(Note: for MAC users, Firefox is not supported – please use Safari.)
(Note: Google Chrome 42 or higher with Adobe Reader is not supported – please use Internet Explorer or Firefox. For MAC users, Google Chrome is not supported – please use Safari.)
If I recommended Firefox 4 in the web courses I teach, I'd get laughed out of the classroom; Firefox is currently at Version 50, so they're 46 versions behind. Chrome is at version 54, so they're not supporting "only" the current TWELVE versions, that is, the vast majority of users, of the browser that is currently used by more than 50% of the web. Do they want customers, or no?
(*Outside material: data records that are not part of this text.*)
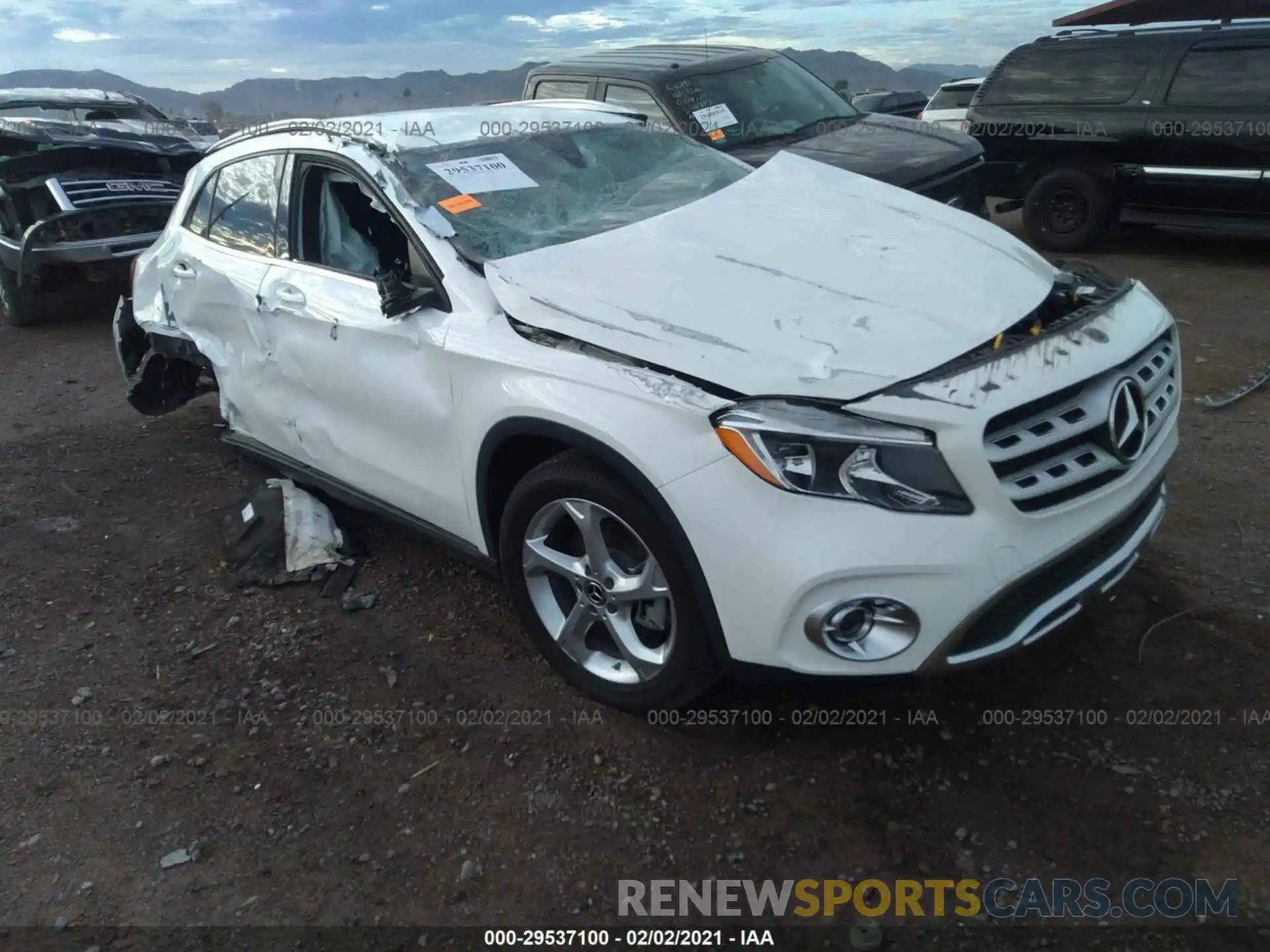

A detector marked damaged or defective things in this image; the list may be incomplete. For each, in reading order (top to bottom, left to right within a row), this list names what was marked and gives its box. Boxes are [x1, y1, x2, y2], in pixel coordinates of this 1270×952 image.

crumpled hood [0, 115, 206, 154]
shattered windshield [397, 126, 751, 264]
shattered windshield [659, 56, 857, 148]
crumpled hood [725, 112, 984, 186]
crumpled hood [487, 151, 1064, 402]
dented door panel [255, 262, 468, 542]
damaged white suv [116, 108, 1180, 709]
In other words, "we've created a house of cards based not on this-century web standards, but on incestuous and rococo knowledge of fine details of certain browsers, and, we're not interested in any of this modern stuff from your post-2001 era". FAIL.
I wrote to them on their contact page, where they promised to get back to me within two business days. It's now Day 3 (Updated: Day 6) with no response in sight from this site. FAIL.
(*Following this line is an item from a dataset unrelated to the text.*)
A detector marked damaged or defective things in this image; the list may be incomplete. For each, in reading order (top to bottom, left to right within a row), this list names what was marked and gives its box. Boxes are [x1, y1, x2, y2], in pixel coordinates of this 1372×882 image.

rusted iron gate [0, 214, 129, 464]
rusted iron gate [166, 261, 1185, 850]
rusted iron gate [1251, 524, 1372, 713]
I went to my computer museum and found a browser that got past their 4 pages of login blather, I started entering my data, only to see this failure; they would not accept my Social Insurance Number (Canada's equivalent of a SSN), entered with no spaces, nor with spaces, nor with dashes, nor with any hint on how they wanted it formatted. An EPIC FAIL that was repeated a few times throughout what followed.
Update: went back and tried again due to external factors. Got past the SIN question. Then it wanted to install Adobe Flash. WTF? There is ZERO excuse for (a) needing Flash or (b) using it in this decade. It is so insecure that even Steve Jobs said something like "Flash must go. This is not negotiable."
But, I digress. At least, I tried to persevere. I dutifully installed Flash just for this one use. I spent half an hour filling in the form. It asked me some ridiculous questions about my work, and tried to pigeonhole me into some "job category", none of which quite fit. Several of the form fields were too short for correct answers. It told me I had to read two additional documents which it promised would open in a separate window, but they didn't. Figured I'd read them later. It insisted on making me print the document before submitting it, so I did so, all 14 pages. In the end I'm glad I did, because after I clicked Print and filled in the non-standard Flash-based print dialog and clicked OK, the last thing I ever saw was this:

Against such overwhelming epic fail-ness, what can I possibly add? I have signed up for over five hundred web sites; the rbcdirectinvesting.com website is among the worst of the lot and needs a complete re-write for the twenty-first century.